The unranked Huskies (4-3, 2-1 Pac-10), were ranked 18th in the Associated Press poll until their 46-16 loss at UCLA, which preceded an embarrassing 28-17 home loss to Nevada. But they have appeared to get themselves back on track, as evidenced by Saturday's 38-17 win at Oregon State.
The Trojans have won three straight and 14 of 15. But they have lost nine of the past 13 road games against the Huskies -- including their previous visit two years ago on a last-second, 32-yard field goal by John Anderson -- and are looking to win there for the first time in 10 years.
"They look very dangerous, and I know that they're feeling they've got a chance to fight for this championship, too," Carroll said. "So the way we look at it, it's a championship matchup for us and we've got to go get it."
Sophomore quarterback Matt Leinart, who set career highs with 351 yards, 26 completions and four touchdown passes against Notre Dame, is looking to keep it rolling against the Huskies.
Through the first seven games, the left-hander's numbers are comparable to what Carson Palmer put up last season through the first seven games of his Heisman Trophy campaign.

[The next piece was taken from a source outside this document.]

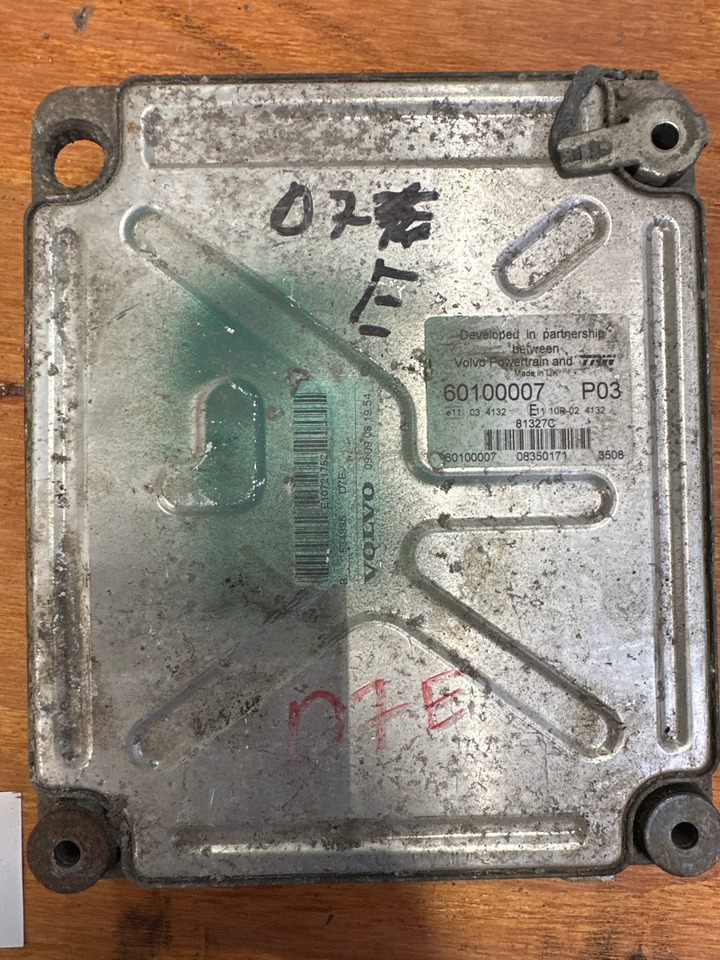 VOLVO ECU 60100007 PO3 - Блок управления для Грузовиков: фото 1 VOLVO ECU 60100007 PO3 - Блок управления для Грузовиков: фото 1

Leinart has a better completion average than Palmer (.620 to .603), with four more TD passes and seven interceptions -- the same total Palmer had at this stage last year.
"He's so confident right now, and he's had a lot to work with," Carroll said. "He's had a real good running game, he's had the receivers working their routes and getting open, and coach (Norm) Chow is calling stuff at the right time to give him good opportunities."